┌────────
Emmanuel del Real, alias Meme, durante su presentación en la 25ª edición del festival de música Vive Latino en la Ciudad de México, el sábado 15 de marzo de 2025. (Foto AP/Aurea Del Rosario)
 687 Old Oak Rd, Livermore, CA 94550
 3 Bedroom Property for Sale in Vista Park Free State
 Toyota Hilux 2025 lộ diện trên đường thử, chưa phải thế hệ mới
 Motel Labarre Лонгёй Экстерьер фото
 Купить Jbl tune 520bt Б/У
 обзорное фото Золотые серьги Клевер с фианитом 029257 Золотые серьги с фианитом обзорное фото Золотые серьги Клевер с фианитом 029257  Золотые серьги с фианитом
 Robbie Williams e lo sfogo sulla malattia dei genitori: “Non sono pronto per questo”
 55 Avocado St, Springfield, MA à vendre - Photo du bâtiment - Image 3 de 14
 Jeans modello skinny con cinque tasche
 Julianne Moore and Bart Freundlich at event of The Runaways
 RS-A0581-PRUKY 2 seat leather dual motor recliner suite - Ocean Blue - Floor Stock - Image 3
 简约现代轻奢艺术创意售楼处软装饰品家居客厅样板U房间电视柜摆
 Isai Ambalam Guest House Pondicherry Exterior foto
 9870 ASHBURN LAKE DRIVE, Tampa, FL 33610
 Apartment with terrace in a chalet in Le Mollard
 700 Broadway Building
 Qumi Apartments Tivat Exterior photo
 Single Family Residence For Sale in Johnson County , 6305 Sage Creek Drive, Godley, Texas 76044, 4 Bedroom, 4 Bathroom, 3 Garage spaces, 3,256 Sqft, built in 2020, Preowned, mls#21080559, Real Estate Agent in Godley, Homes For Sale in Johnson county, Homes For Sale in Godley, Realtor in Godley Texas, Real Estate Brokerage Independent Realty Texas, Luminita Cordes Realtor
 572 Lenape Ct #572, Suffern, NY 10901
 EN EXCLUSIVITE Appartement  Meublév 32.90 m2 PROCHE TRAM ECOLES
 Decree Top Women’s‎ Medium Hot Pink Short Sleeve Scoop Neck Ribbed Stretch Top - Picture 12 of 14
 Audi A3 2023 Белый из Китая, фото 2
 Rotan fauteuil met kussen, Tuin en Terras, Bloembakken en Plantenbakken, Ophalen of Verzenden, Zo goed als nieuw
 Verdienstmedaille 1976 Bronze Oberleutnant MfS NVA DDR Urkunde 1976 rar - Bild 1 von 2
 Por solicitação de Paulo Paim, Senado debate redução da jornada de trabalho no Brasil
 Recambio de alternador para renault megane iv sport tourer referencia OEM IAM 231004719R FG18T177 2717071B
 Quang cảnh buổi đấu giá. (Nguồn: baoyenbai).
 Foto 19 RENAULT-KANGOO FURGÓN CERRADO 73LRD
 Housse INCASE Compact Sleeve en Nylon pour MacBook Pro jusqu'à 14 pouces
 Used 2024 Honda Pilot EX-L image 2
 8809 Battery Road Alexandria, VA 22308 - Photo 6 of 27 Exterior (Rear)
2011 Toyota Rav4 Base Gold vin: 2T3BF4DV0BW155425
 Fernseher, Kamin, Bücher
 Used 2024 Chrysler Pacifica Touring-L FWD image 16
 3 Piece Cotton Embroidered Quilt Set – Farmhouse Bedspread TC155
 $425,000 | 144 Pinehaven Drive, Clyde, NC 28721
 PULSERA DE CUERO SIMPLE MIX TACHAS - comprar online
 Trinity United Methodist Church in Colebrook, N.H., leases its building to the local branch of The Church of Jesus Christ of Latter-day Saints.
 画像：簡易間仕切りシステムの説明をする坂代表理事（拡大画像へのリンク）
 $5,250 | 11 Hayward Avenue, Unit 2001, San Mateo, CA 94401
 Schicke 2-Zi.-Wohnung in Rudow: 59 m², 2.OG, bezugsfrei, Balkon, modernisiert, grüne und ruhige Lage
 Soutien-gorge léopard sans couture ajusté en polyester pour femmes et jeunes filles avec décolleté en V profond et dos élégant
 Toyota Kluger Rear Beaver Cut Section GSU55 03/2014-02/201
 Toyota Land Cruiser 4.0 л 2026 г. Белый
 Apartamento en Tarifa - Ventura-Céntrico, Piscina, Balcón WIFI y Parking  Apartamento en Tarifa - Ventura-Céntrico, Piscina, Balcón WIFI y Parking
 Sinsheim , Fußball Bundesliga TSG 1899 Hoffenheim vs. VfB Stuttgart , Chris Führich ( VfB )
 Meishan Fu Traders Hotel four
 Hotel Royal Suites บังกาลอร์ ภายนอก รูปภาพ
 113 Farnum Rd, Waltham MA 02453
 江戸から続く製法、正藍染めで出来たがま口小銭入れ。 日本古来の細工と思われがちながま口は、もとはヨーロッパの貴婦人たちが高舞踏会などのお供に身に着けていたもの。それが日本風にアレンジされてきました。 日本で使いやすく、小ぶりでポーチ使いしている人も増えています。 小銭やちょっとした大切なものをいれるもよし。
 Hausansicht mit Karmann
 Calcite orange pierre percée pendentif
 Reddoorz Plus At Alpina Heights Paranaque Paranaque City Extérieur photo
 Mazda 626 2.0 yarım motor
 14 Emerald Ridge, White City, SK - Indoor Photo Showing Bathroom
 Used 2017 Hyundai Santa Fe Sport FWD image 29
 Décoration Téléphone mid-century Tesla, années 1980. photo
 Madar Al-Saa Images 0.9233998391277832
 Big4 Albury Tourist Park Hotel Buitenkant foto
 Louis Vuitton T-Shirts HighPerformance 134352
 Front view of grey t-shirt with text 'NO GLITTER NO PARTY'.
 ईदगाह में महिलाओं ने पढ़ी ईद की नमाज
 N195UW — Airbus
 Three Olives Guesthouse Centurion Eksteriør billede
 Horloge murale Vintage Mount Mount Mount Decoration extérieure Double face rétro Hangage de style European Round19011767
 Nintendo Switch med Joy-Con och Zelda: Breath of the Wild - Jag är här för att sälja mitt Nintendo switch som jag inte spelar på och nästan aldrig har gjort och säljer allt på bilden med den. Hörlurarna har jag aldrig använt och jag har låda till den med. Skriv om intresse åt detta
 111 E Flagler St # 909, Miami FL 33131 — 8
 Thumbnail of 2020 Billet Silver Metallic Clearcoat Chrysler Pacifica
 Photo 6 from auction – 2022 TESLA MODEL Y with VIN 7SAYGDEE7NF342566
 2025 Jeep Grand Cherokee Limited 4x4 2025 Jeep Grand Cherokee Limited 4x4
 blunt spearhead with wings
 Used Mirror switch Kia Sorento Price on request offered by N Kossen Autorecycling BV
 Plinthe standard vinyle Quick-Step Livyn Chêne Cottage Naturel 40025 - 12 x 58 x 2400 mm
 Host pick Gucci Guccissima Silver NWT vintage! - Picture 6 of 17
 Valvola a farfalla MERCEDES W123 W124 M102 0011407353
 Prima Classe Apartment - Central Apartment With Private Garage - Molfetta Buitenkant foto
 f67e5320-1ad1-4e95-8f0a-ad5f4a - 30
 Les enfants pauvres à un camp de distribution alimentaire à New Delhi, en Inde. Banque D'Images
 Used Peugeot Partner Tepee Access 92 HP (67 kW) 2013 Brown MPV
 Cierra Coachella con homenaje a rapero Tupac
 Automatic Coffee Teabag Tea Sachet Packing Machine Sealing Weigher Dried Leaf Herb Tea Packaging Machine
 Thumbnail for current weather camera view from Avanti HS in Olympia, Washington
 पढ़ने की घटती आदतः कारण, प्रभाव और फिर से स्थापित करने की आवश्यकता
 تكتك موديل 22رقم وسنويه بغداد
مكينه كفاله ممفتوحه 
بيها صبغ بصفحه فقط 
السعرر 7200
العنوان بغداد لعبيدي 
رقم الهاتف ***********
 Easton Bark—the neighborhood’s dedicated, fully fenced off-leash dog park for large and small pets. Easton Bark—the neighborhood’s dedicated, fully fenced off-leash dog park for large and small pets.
└────────
§ Task instructions
Set down, exactly as they stand above, the lines starting with the line with "Julianne Moore and" and going on through the line with "EN EXCLUSIVITE Appartement", and no others.

§ Reply
 Julianne Moore and Bart Freundlich at event of The Runaways
 RS-A0581-PRUKY 2 seat leather dual motor recliner suite - Ocean Blue - Floor Stock - Image 3
 简约现代轻奢艺术创意售楼处软装饰品家居客厅样板U房间电视柜摆
 Isai Ambalam Guest House Pondicherry Exterior foto
 9870 ASHBURN LAKE DRIVE, Tampa, FL 33610
 Apartment with terrace in a chalet in Le Mollard
 700 Broadway Building
 Qumi Apartments Tivat Exterior photo
 Single Family Residence For Sale in Johnson County , 6305 Sage Creek Drive, Godley, Texas 76044, 4 Bedroom, 4 Bathroom, 3 Garage spaces, 3,256 Sqft, built in 2020, Preowned, mls#21080559, Real Estate Agent in Godley, Homes For Sale in Johnson county, Homes For Sale in Godley, Realtor in Godley Texas, Real Estate Brokerage Independent Realty Texas, Luminita Cordes Realtor
 572 Lenape Ct #572, Suffern, NY 10901
 EN EXCLUSIVITE Appartement  Meublév 32.90 m2 PROCHE TRAM ECOLES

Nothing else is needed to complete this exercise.